Here let us pause for one moment, to notice another peculiarity in the
Oxford system, upon the tendency of which I shall confidently make my
appeal to the good sense of all unprejudiced readers. I have said that
the _tutors_ of Oxford correspond to the _professors_ of
other universities. But this correspondence, which is absolute and
unquestionable as regards the point then at issue,--namely, where we
are to look for that limb of the establishment on which rests the main
teaching agency,--is liable to considerable qualification, when we
examine the mode of their teaching. In both cases, this is conveyed by
what is termed "lecturing;"--but what is the meaning of a lecture in
Oxford and elsewhere? Elsewhere, it means a solemn dissertation, read,
or sometimes histrionically declaimed, by the professor. In Oxford, it
means an exercise performed orally by the students, occasionally
assisted by the tutor, and subject, in its whole course, to his
corrections, and what may be called his _scholia_, or collateral
suggestions and improvements. Now, differ as men may as to other
features of the Oxford, compared with the hostile system, here I
conceive that there is no room for doubt or demur. An Oxford lecture
imposes a real, _bona fide_ task upon the student; it will not
suffer him to fall asleep, either literally or in the energies of his
understanding; it is a real drill, under the excitement, perhaps, of
personal competition, and under the review of a superior scholar.
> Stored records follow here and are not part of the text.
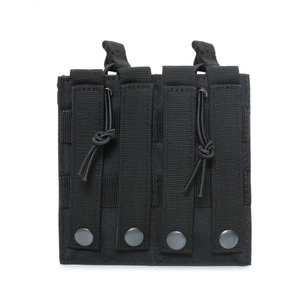 Black tactical MOLLE magazine pouch made of durable nylon with elastic drawstrings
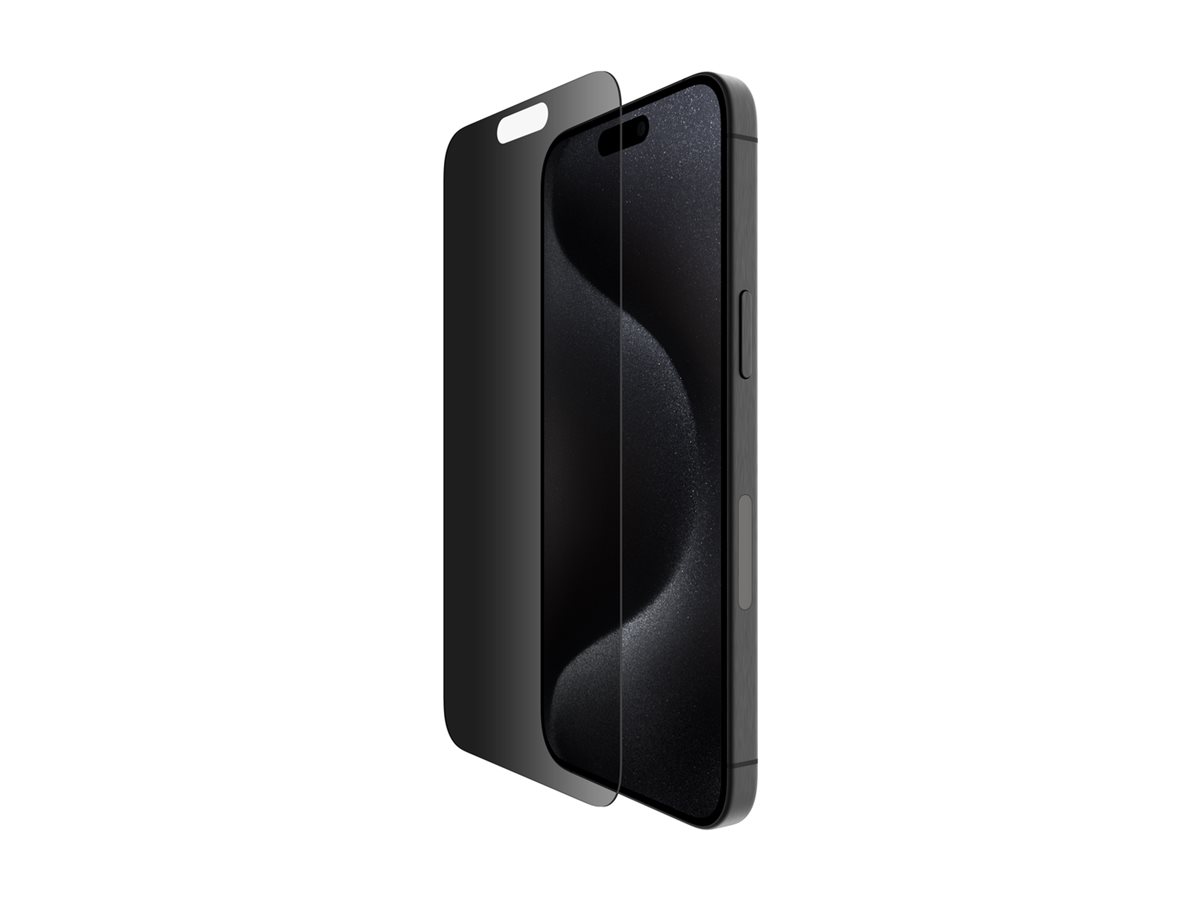 Belkin ScreenForce Pro - Protection d'écran pour téléphone portable - 2.5D - verre - avec filtre de confidentialité - verre - pour Apple iPhone 15 Pro Max - OVA150ZZ - Accessoires pour téléphone portable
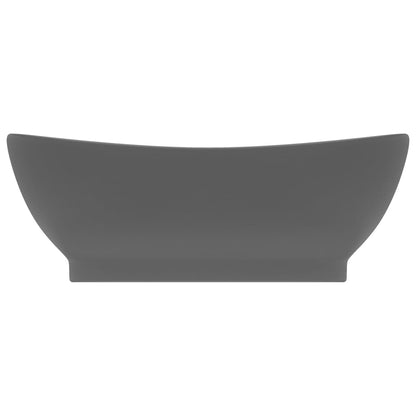 Luxury Basin Overflow Oval Matt Dark Grey 58.5x39 cm Ceramic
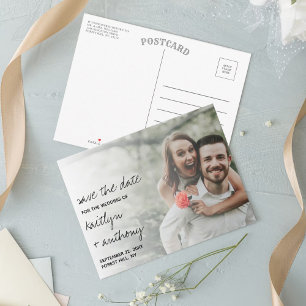 Carte Postale Faire-part Script noir et blanc moderne photo minimaliste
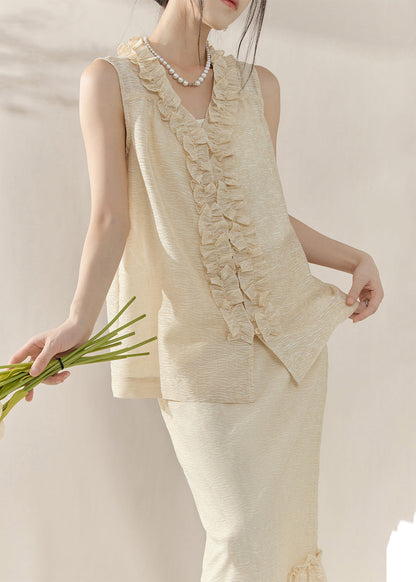 Loose Apricot Vest and Maxi Skirts Two-piece Set Sleeveless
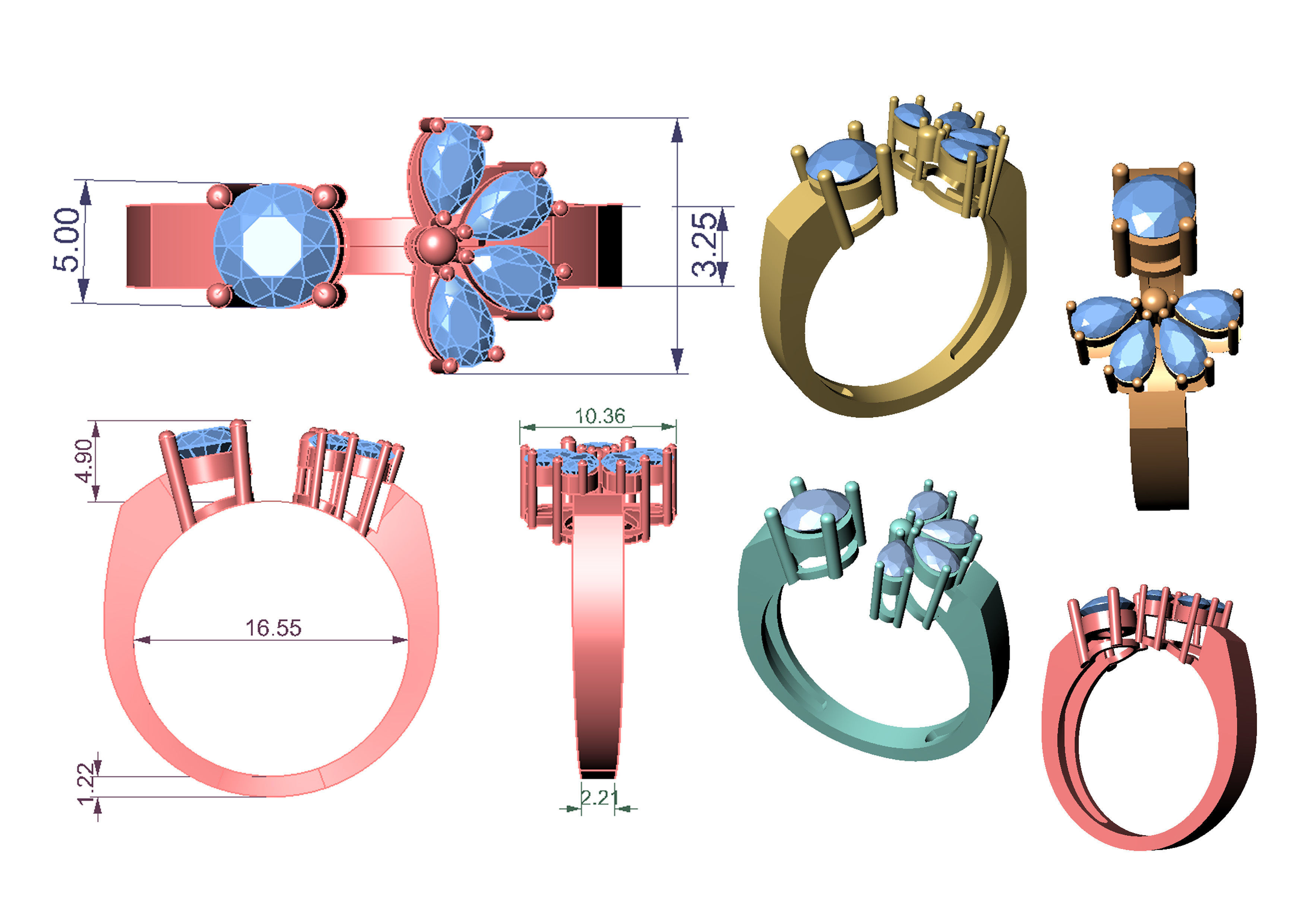 Woman ring 3D print model_19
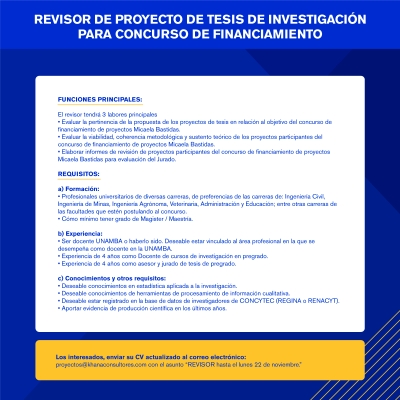 CONVOCATORIA LABORAL PARA DOCENTES REVISORES DEL CONCURSO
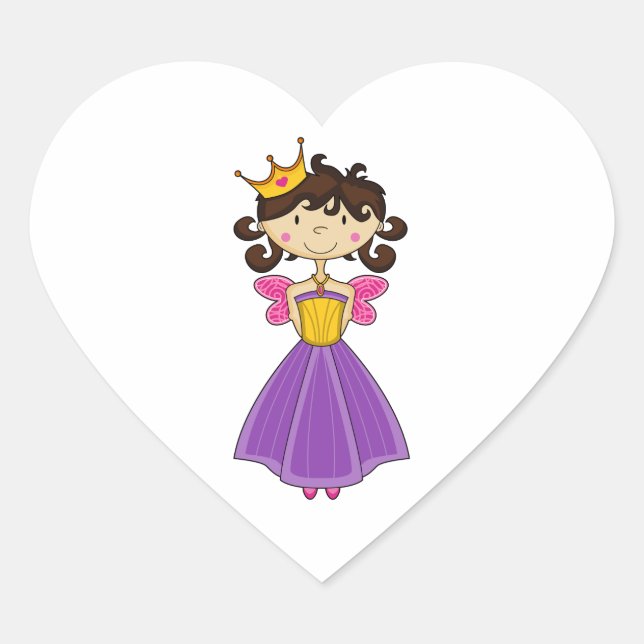 Cute Royal Princess Heart Sticker (Front)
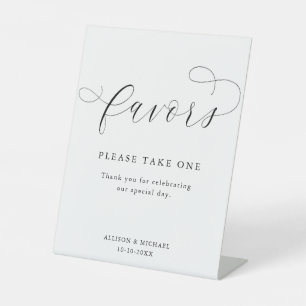 Simple modern black white favours sign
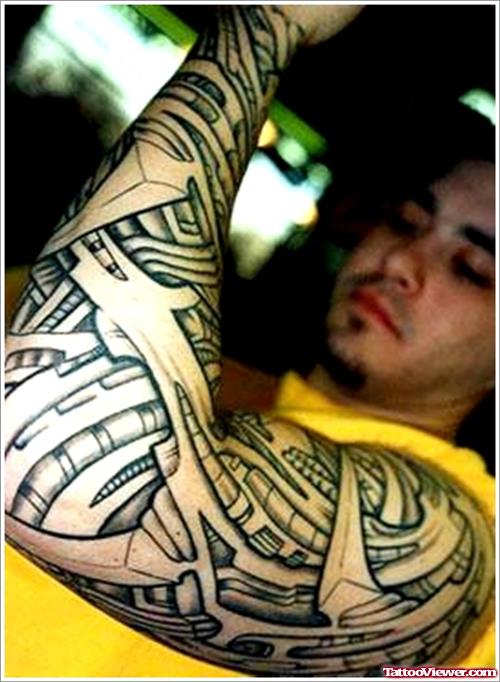 Biomechanical Left Sleeve Tattoo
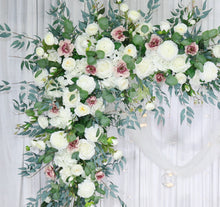 Load image into Gallery viewer, Dusty Rose and White - Wedding Swag Flowers for Arch, Wedding Backdrop
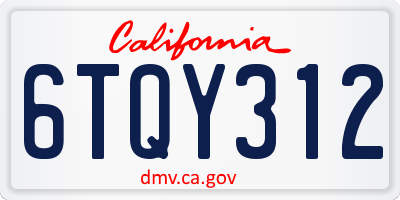 CA license plate 6TQY312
But,
in Germany, under the declamations of the professor, the young men are
often literally sleeping; nor is it easy to see how the attention can
be kept from wandering, on this plan, which subjects the auditor to no
risk of sudden question or personal appeal. As to the prizes given for
essays, etc., by the professors, these have the effect of drawing forth
latent talent, but they can yield no criterion of the attention paid to
the professor; not to say that the competition for these prizes is a
matter of choice. Sometimes it is true that examinations take place;
but the Oxford lecture is a daily examination; and, waiving _that_,
what chance is there (I would ask) for searching examinations, for
examinations conducted with the requisite _auctoritas_ (or weight of
influence derived from personal qualities), if--which may Heaven
prevent!--the German tenure of professorships were substituted for our
British one: that is, if for independent and liberal teachers were
substituted poor mercenary haberdashers of knowledge--cap in hand to
opulent students--servile to their caprices--and, at one blow,
degrading the science they profess, the teacher, and the pupil? Yet I
hear that such advice _was_ given to a Royal Commission, sent to
investigate one or more of the Scottish universities. In the German
universities, every professor holds his situation, not in his good
behavior, but on the capricious pleasure of the young men who resort to
his market. He opens a shop, in fact: others, without limit, generally
men of no credit or known respectability, are allowed to open rival
shops; and the result is, sometimes, that the whole kennel of scoundrel
professors ruin one another; each standing with his mouth open, to leap
at any bone thrown amongst them, from the table of the "Burschen;" all
hating, fighting, calumniating each other, until the land is sick of
its base knowledge-mongers, and would vomit the loathsome crew, were
any natural channel open to their instincts of abhorrence. The most
important of the Scottish professorships--those which are fundamentally
morticed to the moral institutions of the land--are upon the footing of
Oxford tutorships, as regards emoluments; that is, they are not
suffered to keep up a precarious mendicant existence, upon the alms of
the students, or upon their fickle admirations. It is made imperative
upon a candidate for admission into the ministry of the Scottish Kirk,
that he shall show a certificate of attendance through a given number
of seasons at given lectures.
The next item in the quarterly (or, technically, the _term_) bills
of Oxford is for servants. This, in my college, and, I believe, in all
others, amounted, nominally, to two guineas a year. That sum, however,
was paid to a principal servant, whom, perhaps, you seldom or never
saw; the actual attendance upon yourself being performed by one of his
deputies; and to this deputy--who is, in effect, a _factotum_,
combining in his single person all the functions of chambermaid, valet,
waiter at meals, and porter or errand-boy--by the custom of the place
and your own sense of propriety, you cannot but give something or other
in the shape of perquisites. I was told, on entering, that half a
guinea a quarter was the customary allowance,--the same sum, in fact,
as was levied by the college for his principal; but I gave mine a
guinea a quarter, thinking that little enough for the many services he
performed; and others, who were richer than myself, I dare say, often
gave much more. Yet, sometimes, it struck me, from the gratitude which
his looks testified, on my punctual payment of this guinea,--for it was
the only bill with regard to which I troubled myself to practise any
severe punctuality,--that perhaps some thoughtless young man might give
him less, or might even forget to give anything; and, at all events, I
have reason to believe that half that sum would have contented him.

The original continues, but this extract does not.